(What to work on) The copy has to match the data exactly and leave out every picture.

(Data below)

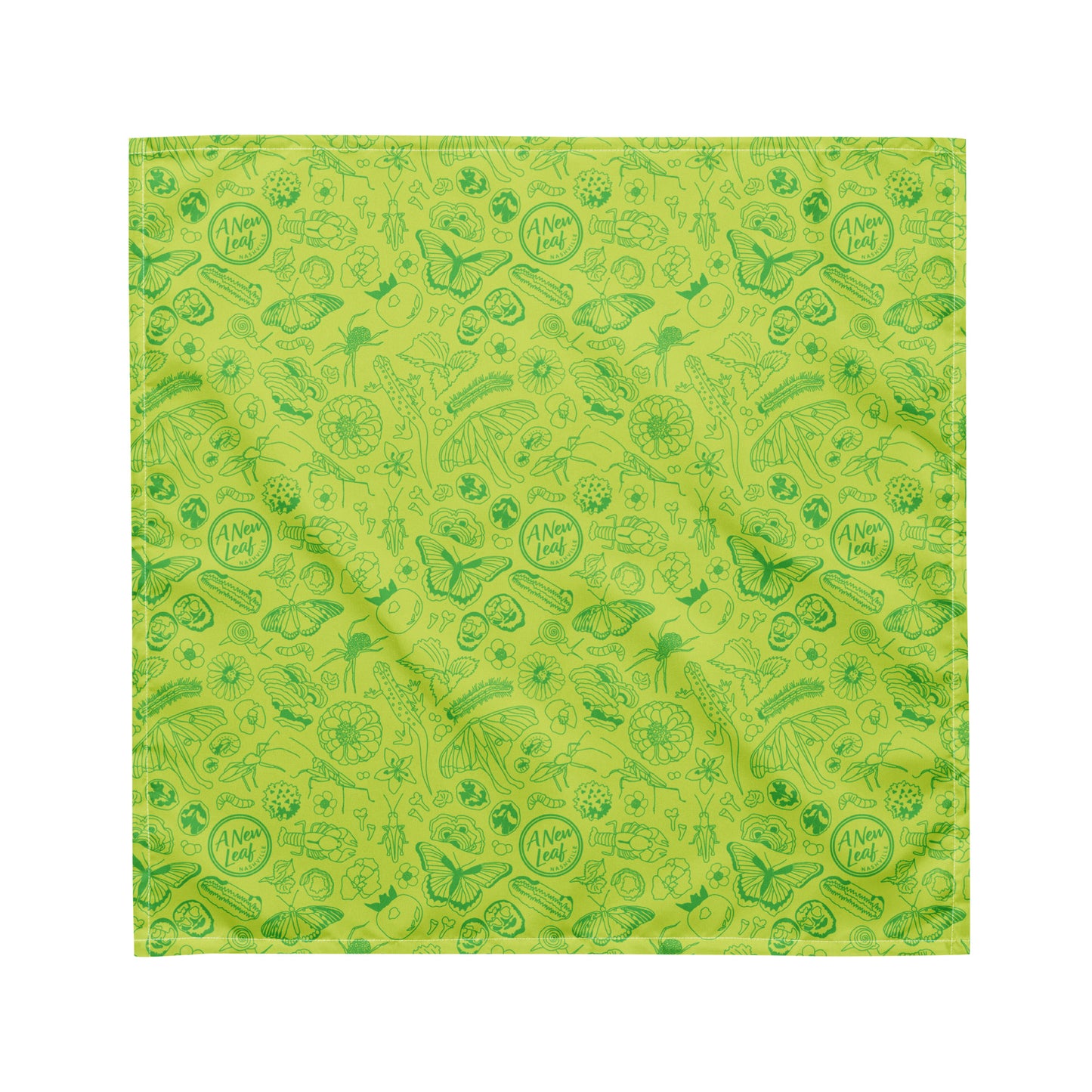 Nature Print Bandana // Chartreuse Green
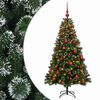 vidaXL Изкуствена коледна елха с топки 120 см 150 LED светодиода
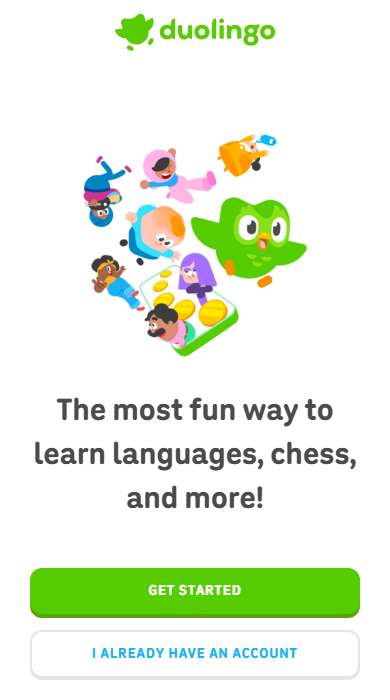 Duolingo homepage on a phone
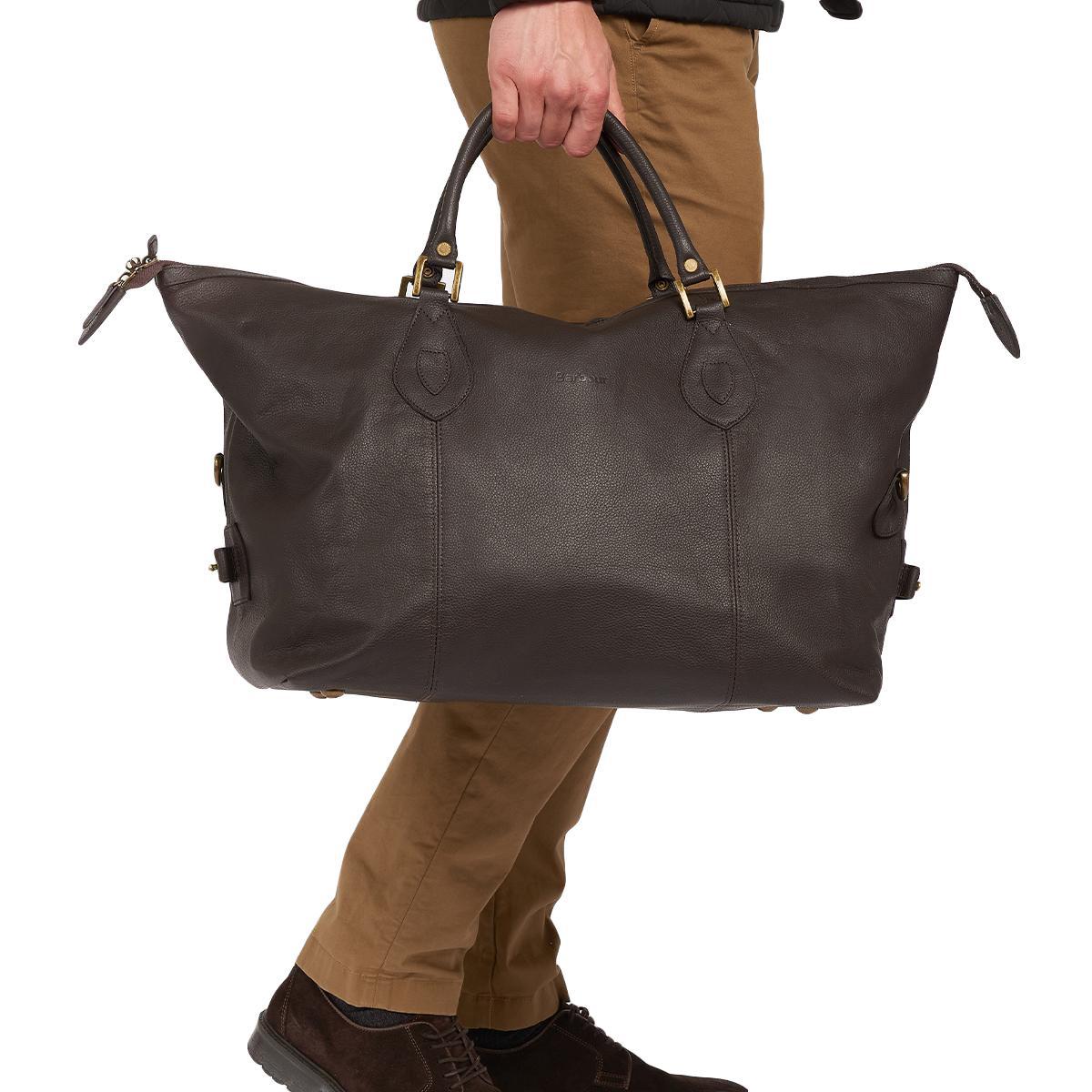 Essentioal Holdall ショルダーバッグ Barbour Barbour Leather Medium Travel Holdall | Farm House Tack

(Answer)
 Nature Print Bandana // Chartreuse Green
 vidaXL Изкуствена коледна елха с топки 120 см 150 LED светодиода
 Duolingo homepage on a phone
 Essentioal Holdall ショルダーバッグ Barbour Barbour Leather Medium Travel Holdall | Farm House Tack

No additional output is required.